We are trying to write an interface to general purpose optimization solvers for
PDE constrained optimal control problems in Hilbert spaces based on PETSc.
Ipopt or the scipy implementation of L-BFGS work with the Euclidean inner
product. For discretizations of PDE constrained optimization problems in
Hilbert spaces one typically wants to work with inner products of the form x^T
A x (A s.p.d, A typically not equal to the identity matrix).
Not working with the correct inner product typically leads to mesh dependent
behavior of the optimization algorithm, which can be motivated by considering
the optimization problem
min_{x in X} 1/2 ||x||^2_X =: f(x)
where X denotes a Hilbert space.
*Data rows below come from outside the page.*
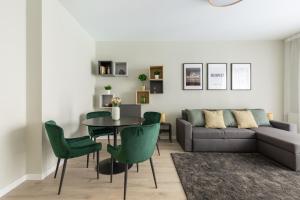 A seating area at Second Home Apartment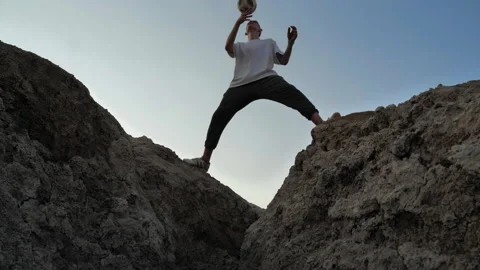 Freestyler balancing a ball on his head among the rocks Stock Footage 133520357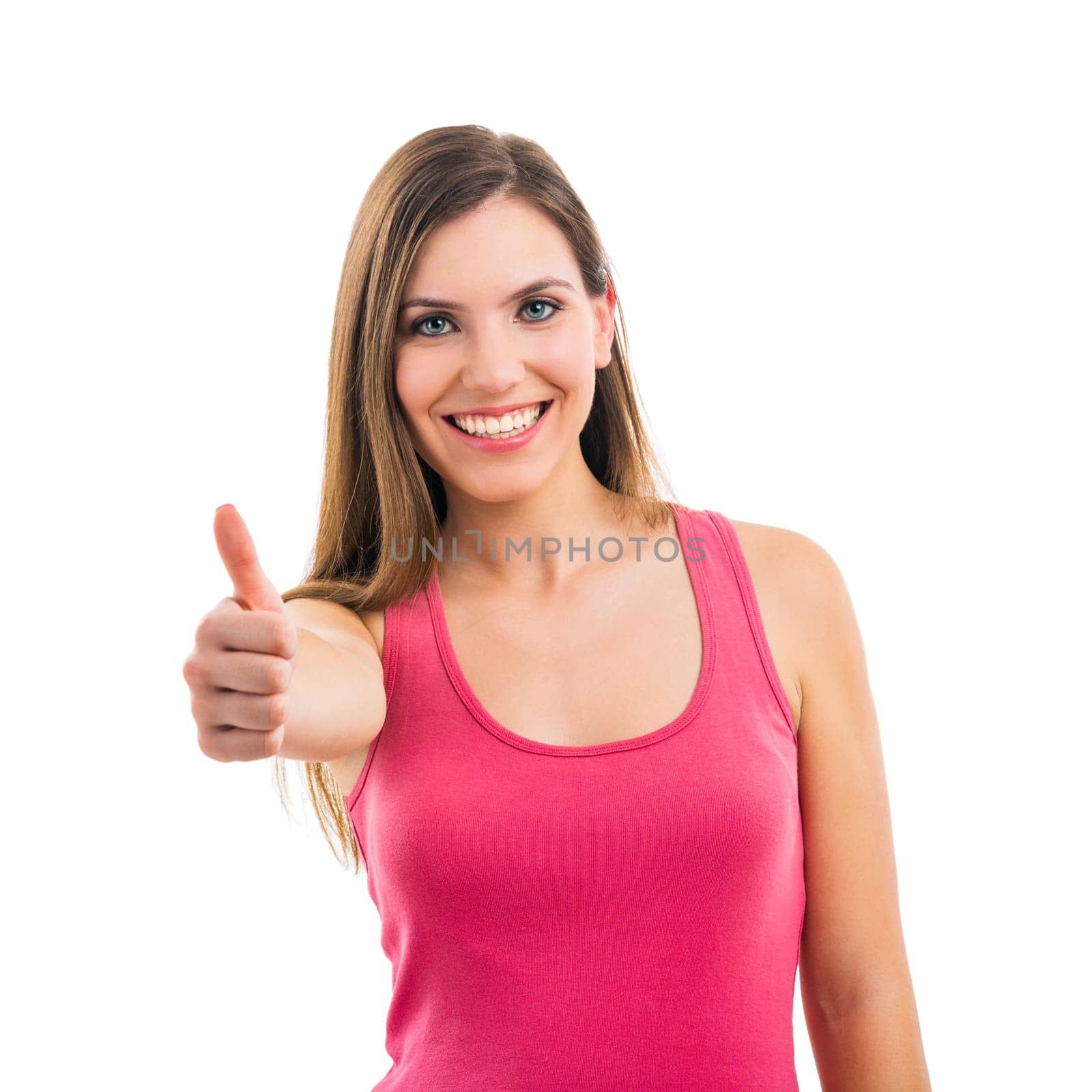 Beautiful brunette woman laughing and pointing to the side, isolated over white background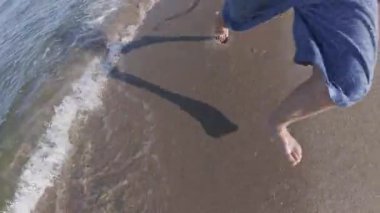 Kumlu bir sahilde, sığ sularda çıplak ayakla koşan bir çocuğun yavaş çekimde güneş ışığı altında dalgaların arasından süzülmesi..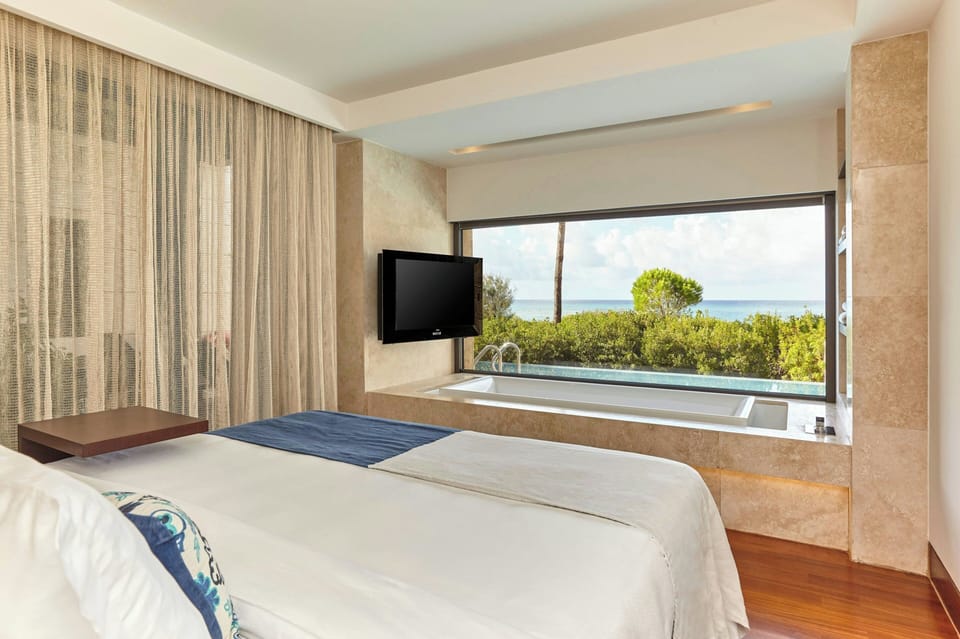 Premium Grand Infinity Suite, 1 Bedroom, Non Smoking, Sea front | Minibar, in-room safe, desk, blackout drapes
We choose x_0 != 0 and apply a gradient
descent algorithm with step size 1.
Case 1: X = R^d, d in N, || x ||_X ^2 = x^T x:
It holds nabla f(x) = x.
Applying gradient descent with step size 1: x_1 = x_0 - x_0 = 0.
Hence, we have convergence to the optimal solution in 1 iteration.
Case 2: X = H^1(Omega), Omega subset R^d, d in {2, 3},
(as a specific example for X being a infinite dimensional Hilbert
space)
|| x ||_X ^2 = int x(xi) x(xi) dxi + int nabla x(xi) . nabla
x(xi) *dxi
Derivative of f(x) is an element of the dual space of X and given
by
Df(x) (delta x) = int x (xi) delta_x(xi) dx + int nabla x(xi) .
nabla delta_x(xi) *dxi
for delta_x in X
Gradient (Riesz representation of the derivative) is given by
nabla f = x
Hence, gradient descent with step size 1: x_1 = x_0 - x_0 = 0
Case 3: Discretization of Case 2 using finite elements:
f(x) := 1/2 x^T (M + S) x, where M denotes the mass matrix, S the
stiffness matrix,
and x the degrees of freedom of the discretization
Neglecting (by working with the Euclidean inner product) that x
encodes a H^1-function
and just solving the discretized optimization problem with
gradient descent with step size 1 yields
nabla f(x) = (M + S) x
and x_1 = x_0 - (M + S) x_0
where the condition number of (M + S) depends on the mesh size,
i.e. mesh size dependent convergence to optimal solution (and not
in 1 iteration).
One can either respect the correct inner product (in the example x^T (M + S) x)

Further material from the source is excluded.